Printed Electronics Can Now Heal In Record Time

The research team from University of California San Diego recently came up with a magnetic ink that can self-heal batteries, wearable & textile-based electric circuits as well as electrochemical sensors within no time. The basic ingredient of this ink are microparticles that are oriented in a specific configurations under the effect of magnetic field. The orientation leads to magnetic attraction between the particles on both sides leading to self-healing of the device they are placed or applied in. The ink is capable of taking care of tears as wide as 3 millimeters which is peak of self-healing systems.

Joseph Wang, the director of Center for Wearable Sensors and UC SAn Diego’s Chair of nanoengineering department, says, “Our work holds considerable promise for widespread practical applications for long-lasting printed electronic devices.” The pre-existing self-healing substances always needed a trigger from outer end to begin the healing process.
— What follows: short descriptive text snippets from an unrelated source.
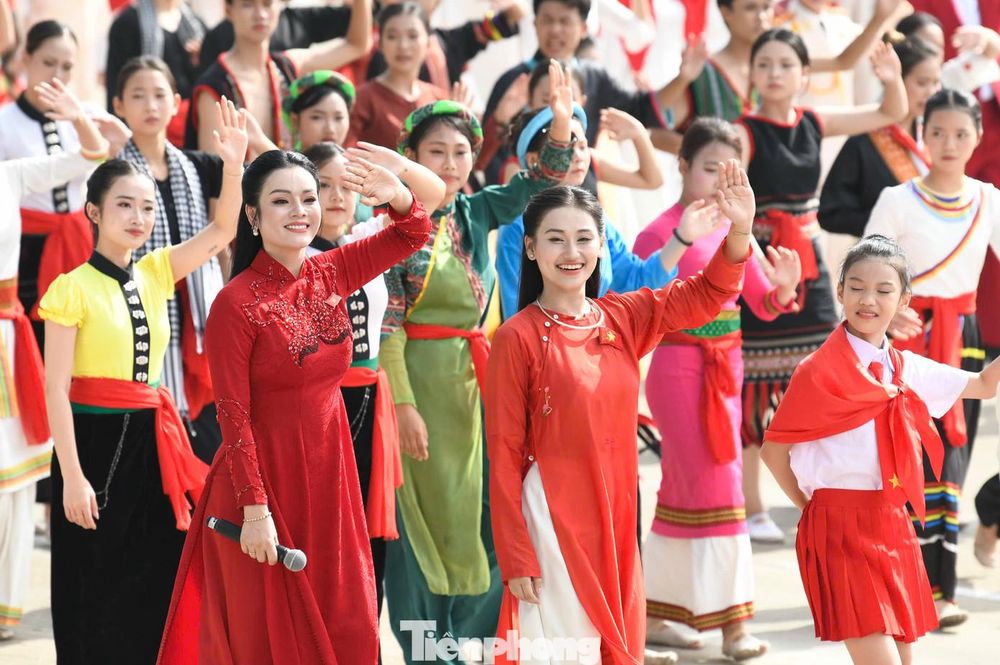 200 nghệ sĩ tiến về Quảng trường Ba Đình sáng 2/9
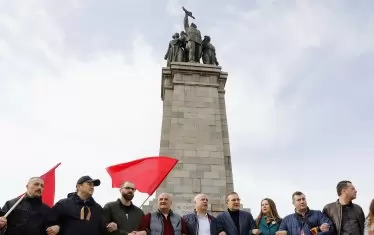 Атлантици призоваха областните
да премахнат съветските паметници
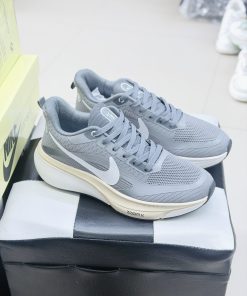 Nike running shoes - Image 4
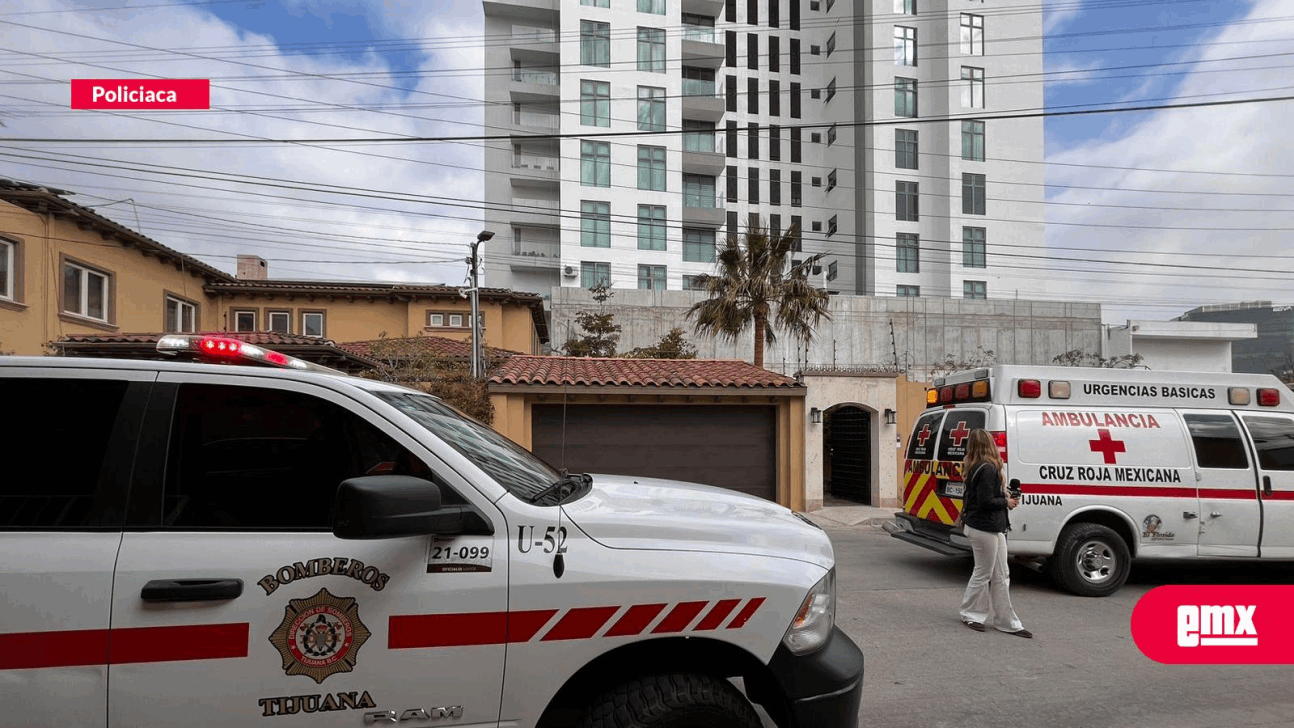 EMX-Trabajador-cae-del-piso-13-de-un-edificio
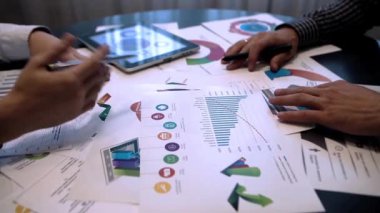 İş ortakları birlikte çalışıyor.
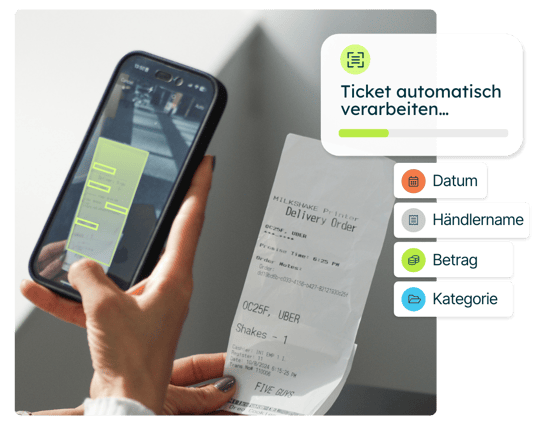 Eine Person scannt mit dem Smartphone einen Beleg; die App liest Datum, Händlername, Betrag und Kategorie automatisch aus – KI-gestützter Belegscanner im Ausgabenmanagement.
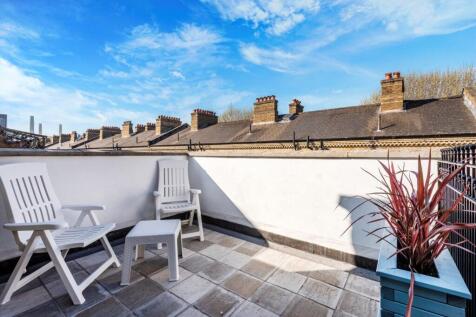 Westmoreland Terrace, London SW1V 3 bed maisonette for sale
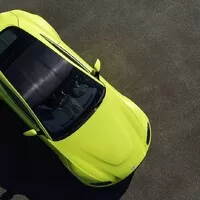 Nový Aston Martin Vantage je velmi rychlý, hodně hezký a strašně zelený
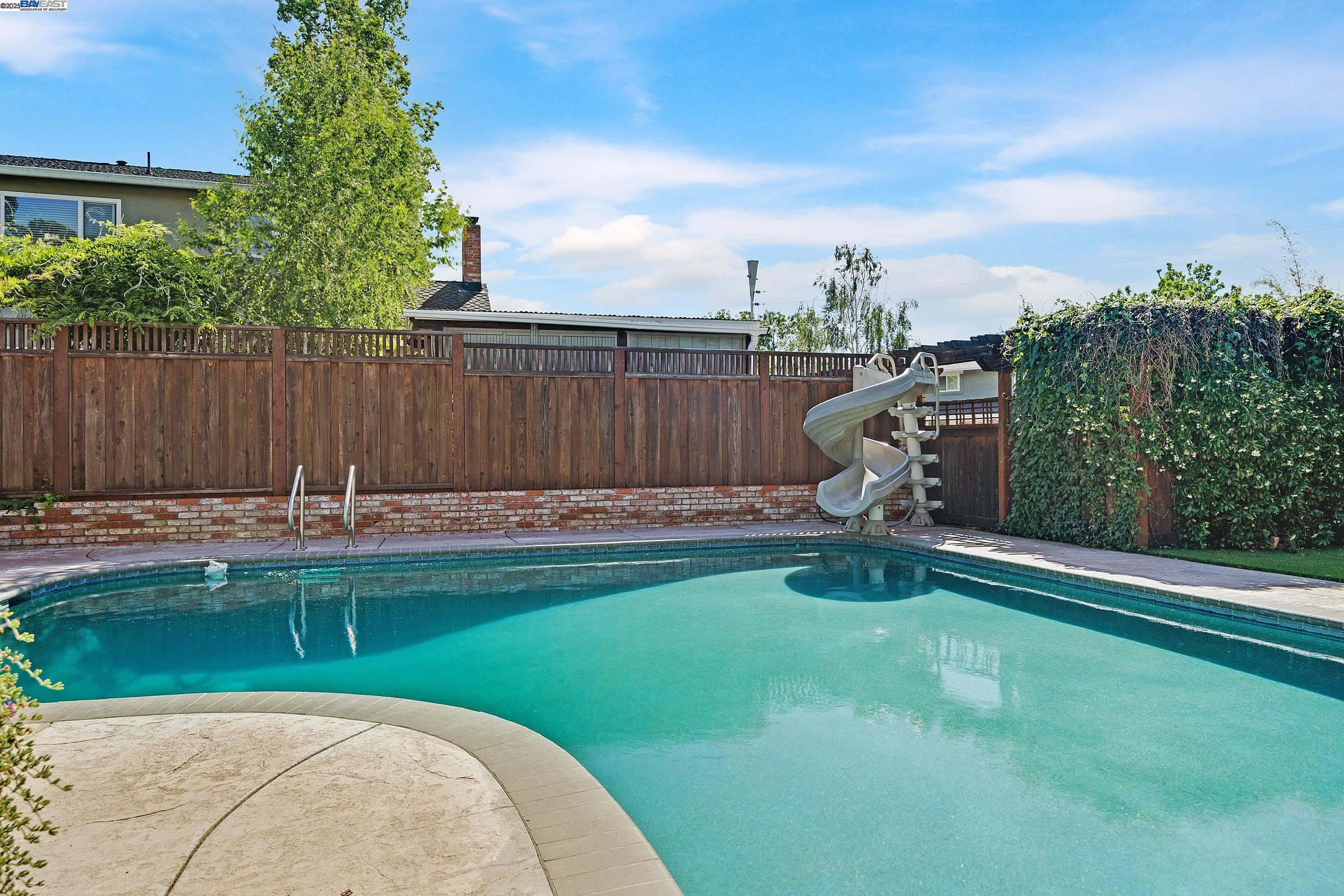 Detail Gallery Image 30 of 37 For 911 Kottinger Dr, Pleasanton,  CA 94566 - 4 Beds | 3 Baths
The time they take is somewhere between a few minutes to few days. Au contraire, the new system developed by Want and his team needs no external catalyst to do its job. The damage can be repaired within 50 milliseconds i.e. .05 seconds.

These engineers employed this ink to print textile-based electronic circuits, wearable electronic circuits, electrochemical sensors, as well as batteries. Once done they began to damage these devices by pulling or cutting them creating large wide gaps. These devices were damaged nine times from the same point. The team also damaged these devices from four different places and all of them were able to heal themselves and recover their normal working without any loss in conductivity.

For instance, they printed a self-healing circuit on a t-shirt sleeve and then connected it with a coin battery and a LED light. Then they tore off the circuit along with the fabric it was printed on. The LED turned off instantly. However, after a few seconds it began turning on again as the two sides of circuit came together and healed themselves. Amay Bandodkar, one of the first authors of this paper and also the first Ph.D holders from Wang’s lab, says, “We wanted to develop a smart system with impressive self-healing abilities with easy to find inexpensive materials.”